Sunday, January 27, 2013

Notes on "Tragedy and Hope"



I am currently reading Dr. Carroll Quigley’s landmark 1966 book, Tragedy and Hope: A History of the World in our Time. This is a history book that covers the major events of the nineteenth and twentieth centuries up until almost the time of the book’s publication. It is also a favored text for conspiracy researchers because a small portion of the book is devoted to the foundation of influential policy groups by major forces in the world of financial capitalism. The goal of these policy groups was, and is, nothing less than to manage the economies of every country in the world using the leverage of central banking.
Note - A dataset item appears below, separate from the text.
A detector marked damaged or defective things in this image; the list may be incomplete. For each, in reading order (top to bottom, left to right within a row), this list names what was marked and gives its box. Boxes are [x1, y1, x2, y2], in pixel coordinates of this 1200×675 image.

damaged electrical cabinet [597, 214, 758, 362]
            These revelations are really only a small portion of a very exhaustive (1348 pgs.) political history provided by an interpretative historian, but the discovery of the machinations of these financial scions is immensely valuable because Dr. Quigley discovered their objectives through exclusive access to primary documents. He was granted access to the complete records of the Council on Foreign Relations, which have now been made public, and the records of its even more secretive parent group The Round Table in the early 1960’s. This access was granted to him, no doubt, because he was an establishment intellectual who was writing a book that puts world government by bankers and technocrats in a mostly favorable light. Although Dr. Quigley disagrees with the secrecy and subterfuge employed by the global elite, it’s clear that he has no problem with world government controlled by experts, per se.
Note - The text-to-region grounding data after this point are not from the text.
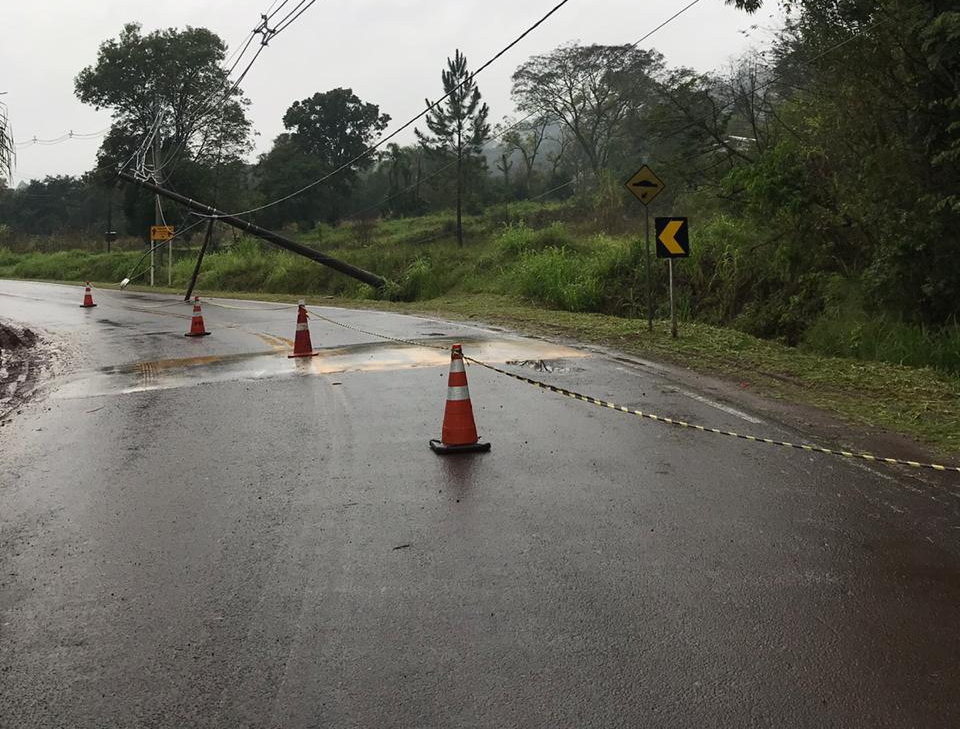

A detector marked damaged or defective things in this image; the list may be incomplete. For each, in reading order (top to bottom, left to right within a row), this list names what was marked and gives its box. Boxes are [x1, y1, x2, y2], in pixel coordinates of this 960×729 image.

broken utility pole [118, 172, 388, 292]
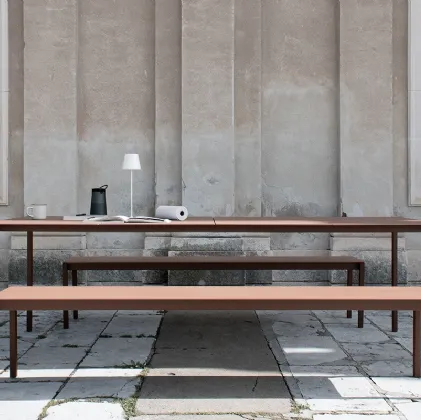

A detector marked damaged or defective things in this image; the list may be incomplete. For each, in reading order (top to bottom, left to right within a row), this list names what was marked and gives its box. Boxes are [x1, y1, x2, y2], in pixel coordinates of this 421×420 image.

cracked concrete [0, 306, 416, 418]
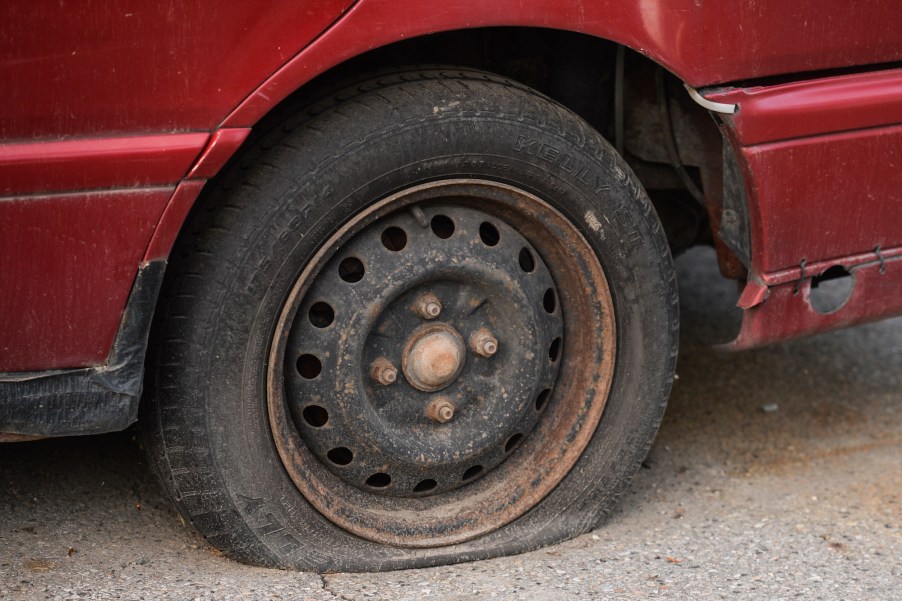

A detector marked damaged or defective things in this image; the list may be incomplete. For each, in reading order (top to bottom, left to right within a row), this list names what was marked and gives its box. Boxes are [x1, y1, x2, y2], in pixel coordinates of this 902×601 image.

rusty wheel rim [268, 177, 616, 544]
rust on rim [268, 178, 616, 548]
cracked pavement [1, 246, 902, 596]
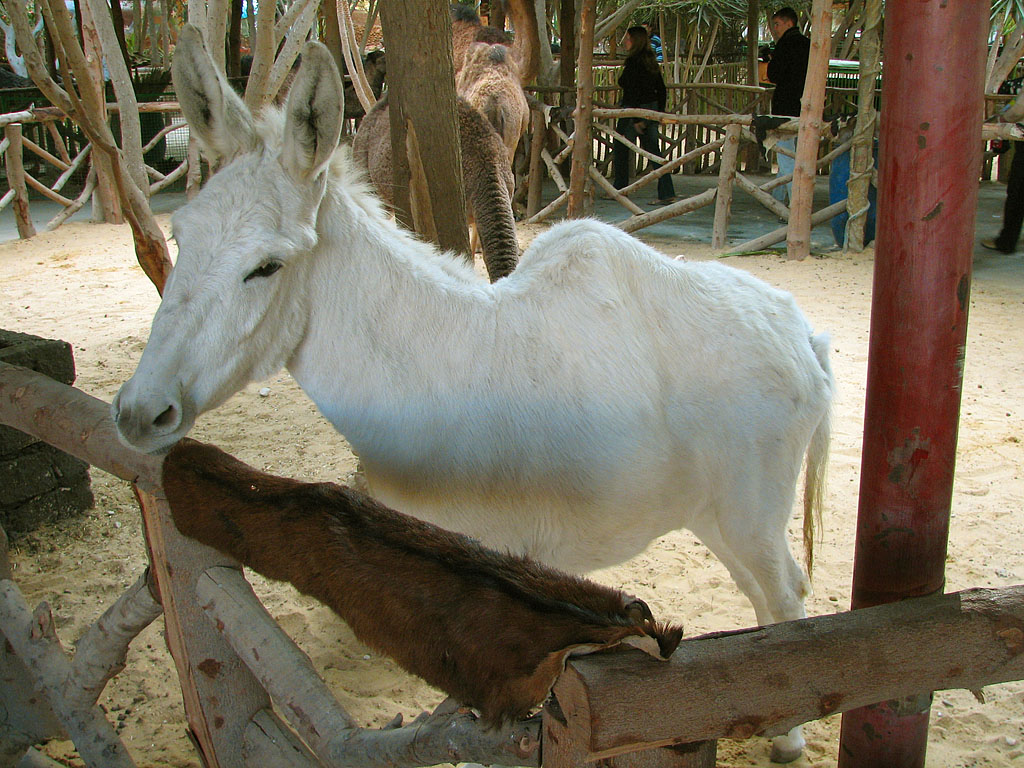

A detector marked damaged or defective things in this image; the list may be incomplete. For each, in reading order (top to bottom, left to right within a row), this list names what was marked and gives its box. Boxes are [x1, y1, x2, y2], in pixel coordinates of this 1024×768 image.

rusty paint on pole [839, 3, 991, 765]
            Dr. Quigley’s research reveals the Council on Foreign Relations as a front group for the powerful Anglophile secret society known variously as the Round Table or the Milner group, after one of its founders, Lord Alfred Milner. This group was headed by various figures emanating from JP Morgan’s circle of influence and is described by Dr. Quigley as “cosmopolitan, Anglophile, internationalist, Ivy League, eastern seaboard, high Episcopalian, and European-culture conscious.” (937) In short, a secretive power bloc emanating from the WASP upper echelons much like the Order of Skull in Bones as researched by Dr. Antony Sutton.
            This group maintained members in editorial positions at some of America’s most prestigious magazines and newspapers including “The New York Times, New York’s Herald Tribune, The Christian Science Monitor, and The Washington Post.” (953) Their members also headed the powerful Institute of Pacific Relations in the 1950’s, an influential, communist-leaning think tank that sent some of its members to important State Dept. appointments. Dr. Quigley reluctantly speculates that due to the IPR’s influence, the way was eased for the communists’ accession in China after the defeat of Chiang Kai-Shek.
            Curiously, given his overwhelming evidence of a conspiracy headed by banking elites and their tax exempt foundations, Dr. Quigley dismisses the idea that these men have designs for world hegemony. He summarily dismisses these notions as the pabulum of paranoid, right-wing, “professional anti-communists.” He insists that these men are using their vast fortunes in good faith, and he lovingly describes them as merely “gracious and cultured gentlemen of somewhat limited social experience who were much concerned with the freedom of expression of minorities and the rule of law for all.” (954)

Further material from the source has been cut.